= Engagement chicken =

American dish rumored to lead to marriage

Engagement chicken is an American lemon- and herb-flavored roast chicken dish, purported to cause boyfriends to propose marriage. The recipe was created in 1982 among the staff of Glamour magazine.

==Origin==
The recipe was developed by Kim Bonnell, a fashion editor at Glamour magazine, following a trip to Italy. In 1982, Bonnell gave the recipe to co-worker Kathy Suder to prepare for her boyfriend; the couple was engaged shortly thereafter. The recipe made the rounds in the office, and three other women in the office were offered marriage proposals soon after making the dish for their boyfriends.

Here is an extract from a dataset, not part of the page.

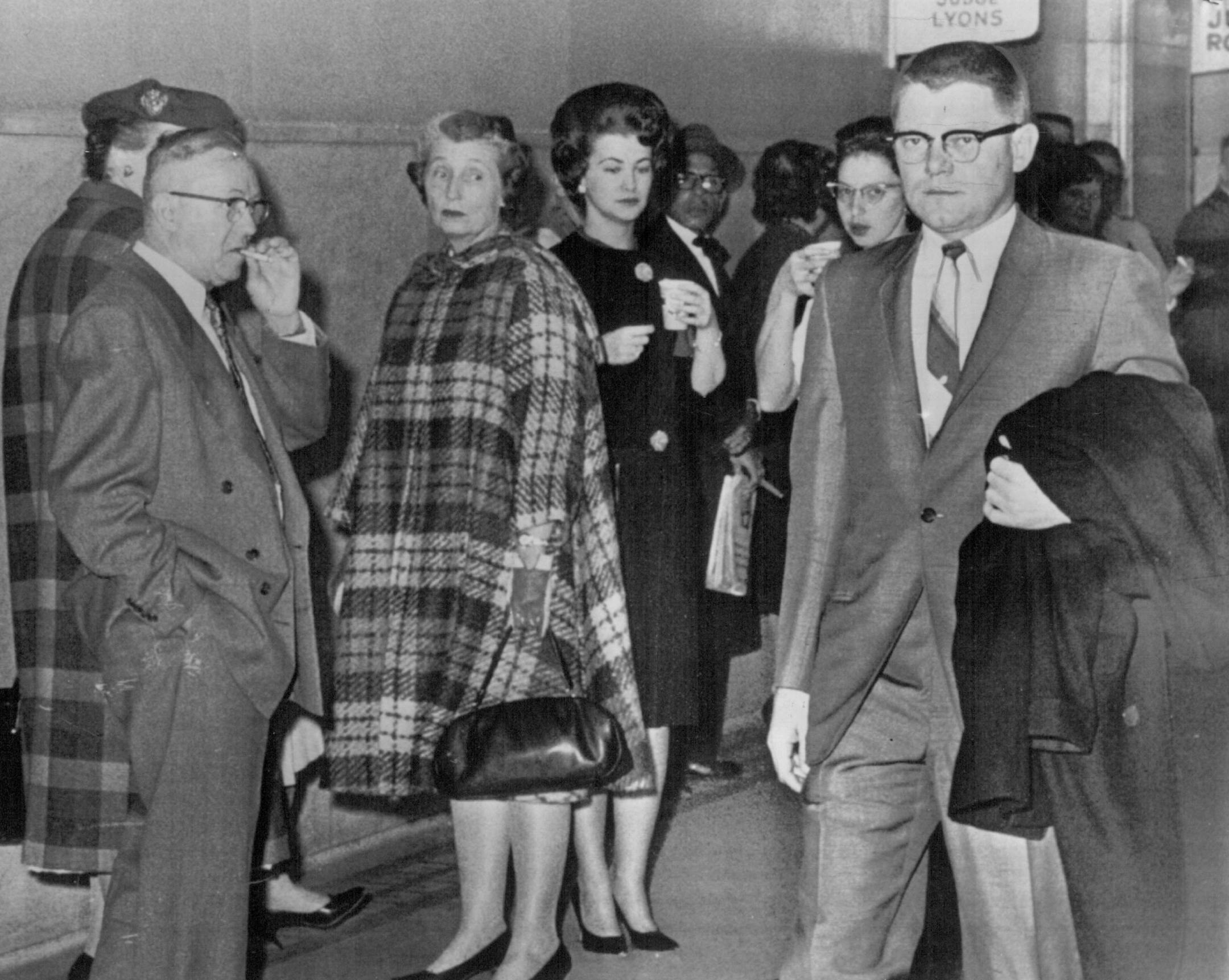 November 7, 1963 All eyes were on T.Eugene Thompson (right) as he walked in corridor outside courtroom. Spectators watched a crew-cut T. Eugene Thompson walk to the courtroom Nov. 6, 1963, during his much-talked-about trial. He was convicted of ordering the murder of his wife, Carol, above. On December 7, photo at right, Thompson waited in the Stillwater Prison reception room to begin his sentence. He continued to protest his innocence. December 16, 1982 November 6, 1963 July 1, 1974 Associated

In 2003, after Glamour editor-in-chief Cindi Leive heard that wedding proposals followed making the recipe, she dubbed the recipe "Engagement Chicken" and ran the recipe in the magazine in December 2003. Soon afterwards the magazine began receiving letters from women claiming that their boyfriends proposed shortly after being served the dish. The magazine claims 70 couples have married after the women served their boyfriends the dish.

==In the media==
The month the recipe appeared in Glamour, Beth Ostrosky fixed the dish for her boyfriend, shock jock Howard Stern. The next day Stern, who had sworn off marrying again, described the dish on air to the amusement of his co-hosts, who claimed that the "trap had been set". One of the show's audience members called in and said the dish he described appeared in a recent edition of Glamour and told him the name of the dish and how it got its name. Stern called Ostrosky on air. Ostrosky claimed that she wanted to fix the dish because it looked delicious and appeared very simple to prepare, but she also told how romantic Stern became while eating the dinner. Two years later, Stern and Ostrosky became engaged.

The recipe has also been featured on the Today Show, Martha, Barefoot Contessa, and Good Morning America.